Download file This essay is available here in Adobe Acrobat PDF format.

After failing to make it out of Senate committee in March, the future of the president’s Clear Skies bill is uncertain. While the bill contains some flaws, most of its opponents criticized the virtues of Clear Skies, thus making it more difficult to fix the real problems and to strike a compromise. There is still some hope that the bill will pass later this congressional session. In lieu of Clear Skies, the Environmental Protection Agency recently promulgated two administrative rules to tighten regulations on power plant air pollution. These rules are certain to be litigated and thus delayed. With Clear Skies, we get a greater guarantee that the air quality goals will be met, and we get greater regulatory certainty that leads to lower costs.

On March 9, the president’s Clear Skies bill failed to make it out of the Senate Environment and Public Works Committee for a floor vote. After contentious debate, the committee was evenly split and unable to resolve the deadlock. The prospects for the bill are now uncertain. Failure to pass the bill will be the capstone to a sad history for Clear Skies: The original bill, proposed by the president on February 14, 2002, was a sensible attempt to address important air pollution problems. While the original proposal certainly contained flaws, opponents frequently (and sometimes stridently) criticized the virtues of Clear Skies, thus diluting any reasonable attempts to fix the real problems and come to a compromise. Even more sadly, along the way the bill has been amended in a way that has detracted from its original virtues. The House Committee on Energy and Commerce is scheduled to begin debate of Clear Skies in April. Though not perfect, the bill still warrants approval by the House and re-consideration later this session in the Senate. For if Clear Skies fails to pass, then we will miss an opportunity to move away from the inflexible and costly approach we now take to environmental policy.
 
The Virtues of Clear Skies

Clear Skies is a sensible plan for improving air quality.
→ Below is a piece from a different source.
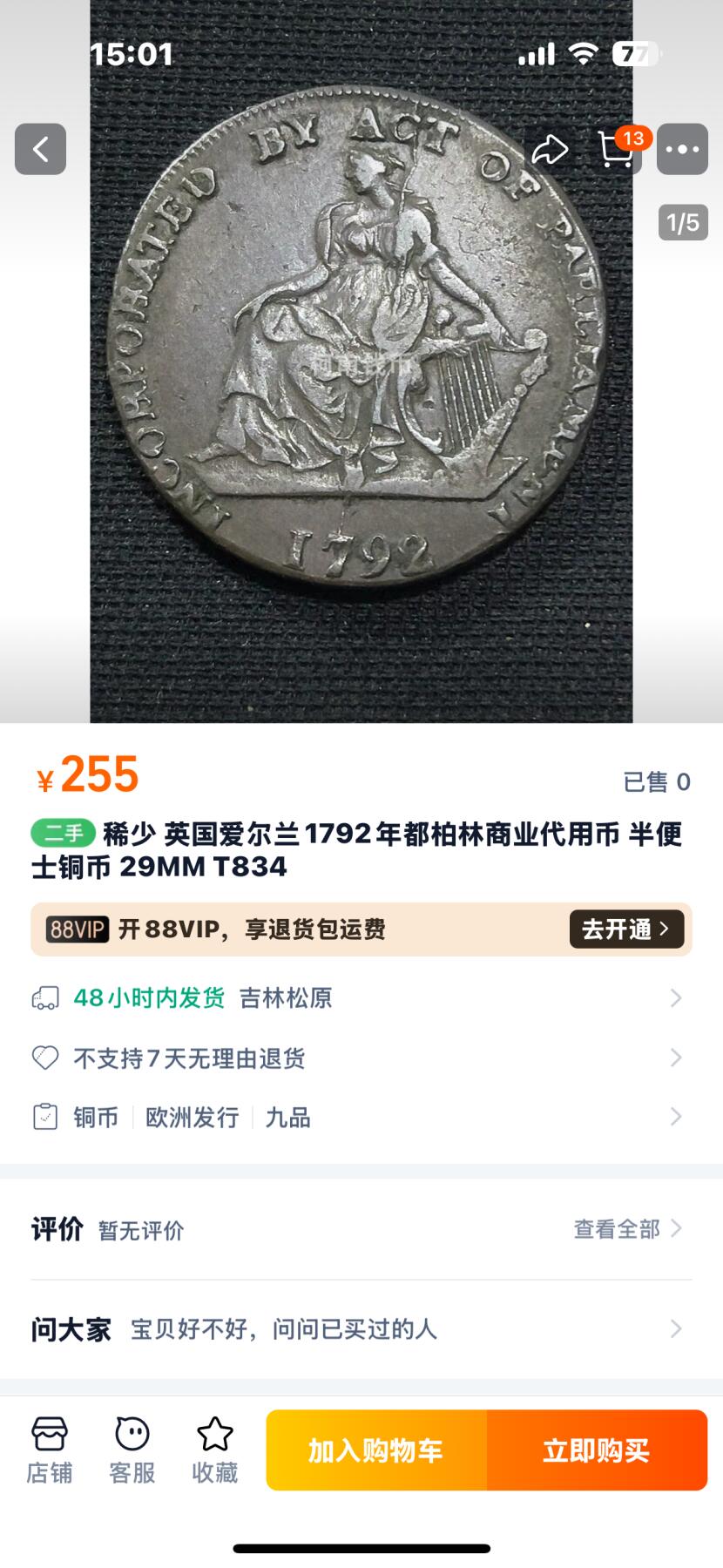 文馨钱币收藏第 250 期优选品质场 英国爱尔兰1792年都柏林CK&C贸易代用半便士大铜币 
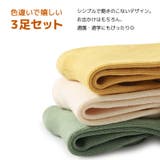 靴下 クルーソックス 3足セット | PlusNao | 詳細画像2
Its very design is based on core economic principles: it sets firm limits on emissions from electric utilities yet allows plants flexibility in achieving these limits. Too often, our environmental statutes and regulations prescribe specific, restrictive technologies to polluters. By instead giving polluters flexibility in how to reach the pollution reduction targets, Clear Skies reduces the cost of improving air quality. With lower costs, it is possible to reduce pollution by more than is practicable using the inflexible regulatory means frequently in use today.[1]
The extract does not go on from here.